Why it matters: Apple's new M3 products push the emerging Arm PC sector to the next level, but the cheapest MacBook in the lineup is a $1,600 notebook with only 8GB of unified memory. Many consider 16GB the current standard and arguably the minimum for intense workloads, but Apple thinks its RAM is different.

Apple has defended its decision to continue releasing new MacBook Pro models with only 8GB of RAM. Apple's VP of Worldwide Product Marketing Bob Borcher asserts that Apple's efficiency gains make 8GB in its products equivalent to the performance of 16GB in other systems.

The cheapest M3 MacBook is the 14-inch MacBook Pro that features 8GB of unified memory but costs $1,599. Meanwhile, PC users can easily find more affordable notebooks with 16GB of system RAM and additional VRAM. While unified memory offers some advantages over socketed RAM, 8GB is still a smaller pool for the CPU and GPU to share.
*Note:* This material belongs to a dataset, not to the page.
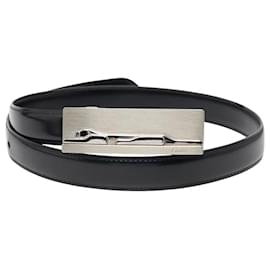 Cartier-Cinto de couro e metal Panthère da Cartier-Preto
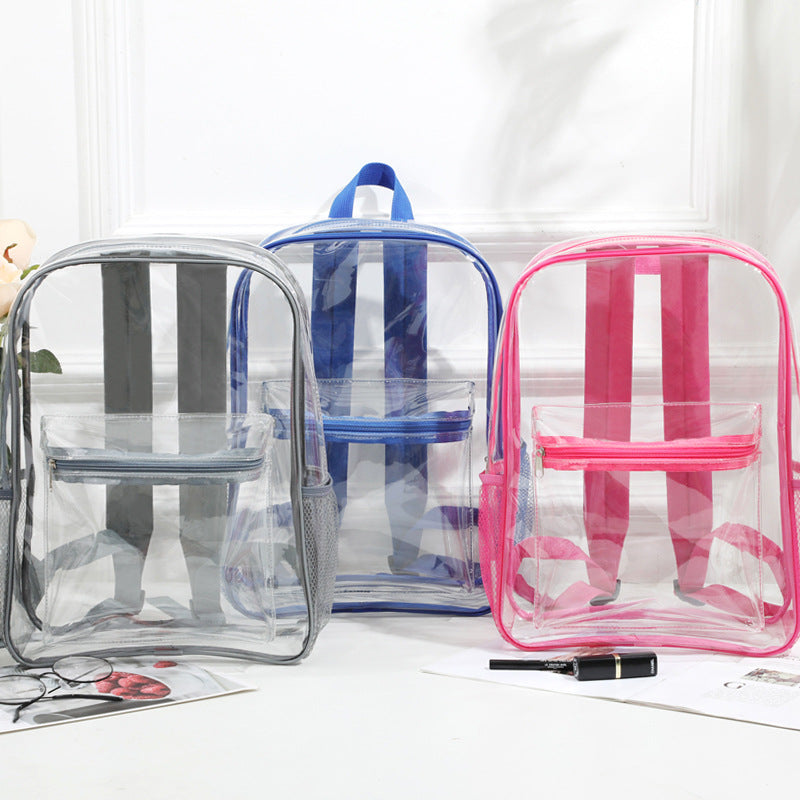 Transparent PVC backpack, waterproof — product view 3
Borcher's comments came in an interview with content creator Lin Yi (above). The executive suggested that Apple users shouldn't worry about the base M3 notebook's capacity for heavy workloads because it manages RAM more efficiently than Windows products.
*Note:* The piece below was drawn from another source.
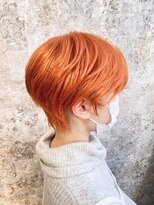 ティエラ 西新店(TIERRA) 暖色系カラーゴールドオレンジマニッシュショートツヤ髪髪質改善
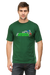 Bowling Strike Bottle Green T-Shirts for Men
While he didn't mention specific applications or performance numbers, Borcher asked customers to look beyond system specs. Testing his claims would likely require deep-dive benchmarks comparing specific memory-intensive applications on the 8GB Macbook Pro versus a roughly equivalent 16GB Windows notebook.

One ingredient of M3's "secret sauce" might be Dynamic Caching, a feature Apple unveiled in its M3 presentation last month. Unlike traditional GPUs, which allocate memory based on the neediest tasks, Dynamic Caching allocates RAM in real-time, giving each application only the exact amount it needs.

Apple designed Dynamic Caching to increase GPU utilization, particularly improving game and rendering performance. It also helps with hardware-accelerated ray tracing, which makes its Mac debut with M3 and is known to require significant amounts of GPU memory and bandwidth.

The interview also broached Apple's approach to AI and machine learning (ML), which has been more cautious than initiatives from Google, Microsoft, and other Big Tech companies. Borcher said Apple focuses less on talking about the technologies than on the tasks they might enable for users. The M3 processors include hardware dedicated to AI and ML, and the company is currently spending millions on developing AI projects in-house.